The imaginatively shaped hiking stick shown here is a symbol for events surrounding the 500th anniversary of Anabaptism in 2025. It especially illustrates this year’s motto for the commemoration: “Daring to live consistently.”
Centuries ago, Anabaptists took up the hiking stick when pressures at home became too strong, persecution set in and the opportunity of tolerance elsewhere beckoned.
But the walking stick carries yet another message. Traveling was a dangerous business in the 16th century. Robbers might lurk anywhere. The stick could be used for defense.
For Anabaptists, this raised the question of living consistently. Is using a hiking stick in self-defense compatible with a nonviolent life?
Anabaptists found different answers to this question. In 1554, an assembly attended by Menno Simons determined that elders “could not consider it impure . . . if a believer, according to the custom and manner of the country, shouldered a stick or a rapier [sword] on his way.”

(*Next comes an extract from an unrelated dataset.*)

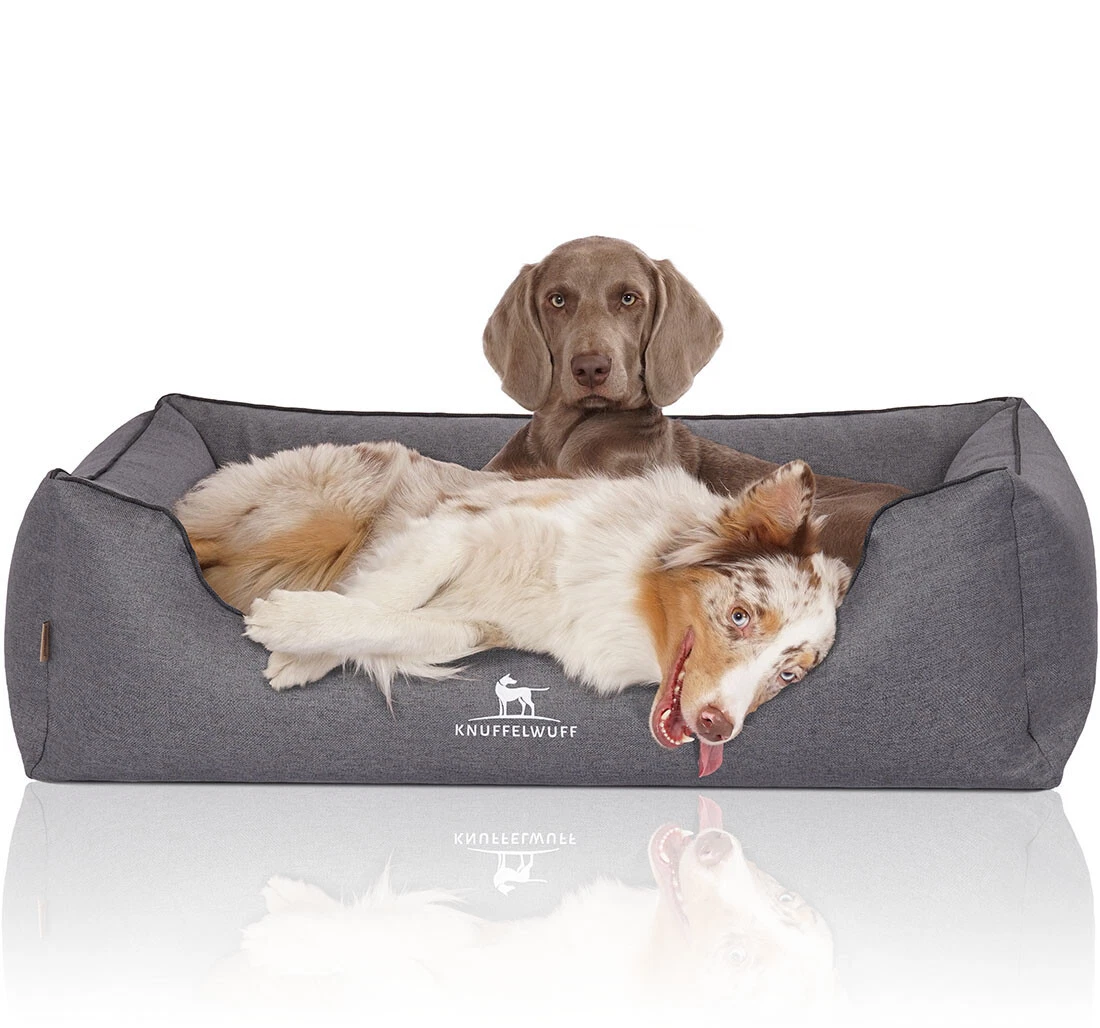 Knuffelwuff orthopaedic dog clearance bed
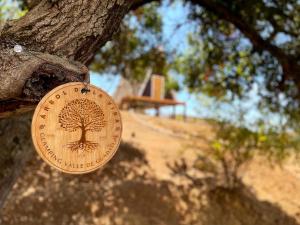 a medal attached to a tree on a tree at Árbol de la Vida Glamping Valle de Guadalupe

Others rejected self-defense as contrary to Jesus’ command, “Do not resist an evildoer” (Matthew 5:59).
Anabaptism is often referred to as the “Radical Reformation.” This can seem like a contradiction today, because we associate radicalism with extremism and a willingness to use violence.
In reference to Anabaptist history, the term gained general acceptance after the publication of a 1962 book, The Radical Reformation, by George Huntston Williams. For Williams, “radical” meant more than the reform of spiritual and ecclesiastical life, as many early 16th-century reformers had sought.
It also meant going back to the roots of the early church — attempting to revive the Christian community as described in the Book of Acts.
In this sense, the Latin word radix, or root, applies — a return to the source.
On the other hand, German historian Hans-Jürgen Goertz held that Anabaptists were radical in that their ideas sought to change society in social terms. Radicality would become visible in violation of established law, order or conventions.
But radicality had its price. As Anabaptists challenged societal premises with their nonviolence and rejection of the established churches (both Catholic and Protestant), they became outsiders. They were different from the mainstream. This has impacted our theological and social identity for centuries.
What does living radically mean for us today? By what standards do we live? We agree that we should be biblical, following and emulating Jesus Christ. Yet this leaves some room for maneuvering. It requires interpretation and contextualization.
A church order, issued in 1540 by the Tyrolean Anabaptist Leupold Scharnschlager, stated that “all things will indeed exist through order” but “according to daily change and shape of the times” and always toward “the better.”
What is “the better”? It’s not always easy to say. Has not the “radicality” of the church “[without] spot or wrinkle” (Ephesians 5:27, King James Version) produced far too many victims of spiritual condemnation?
Radical nonresistance must be far more than refusing to take up arms. It should also apply to speech and to interactions with others in daily life.
Do we condemn another person with words?
Do we get into aggressive discussions where intolerance dominates?
Do we even notice when we use hate speech, or is it normal?
Does the Anabaptist tradition have something to contribute to the pacification of a polarized society?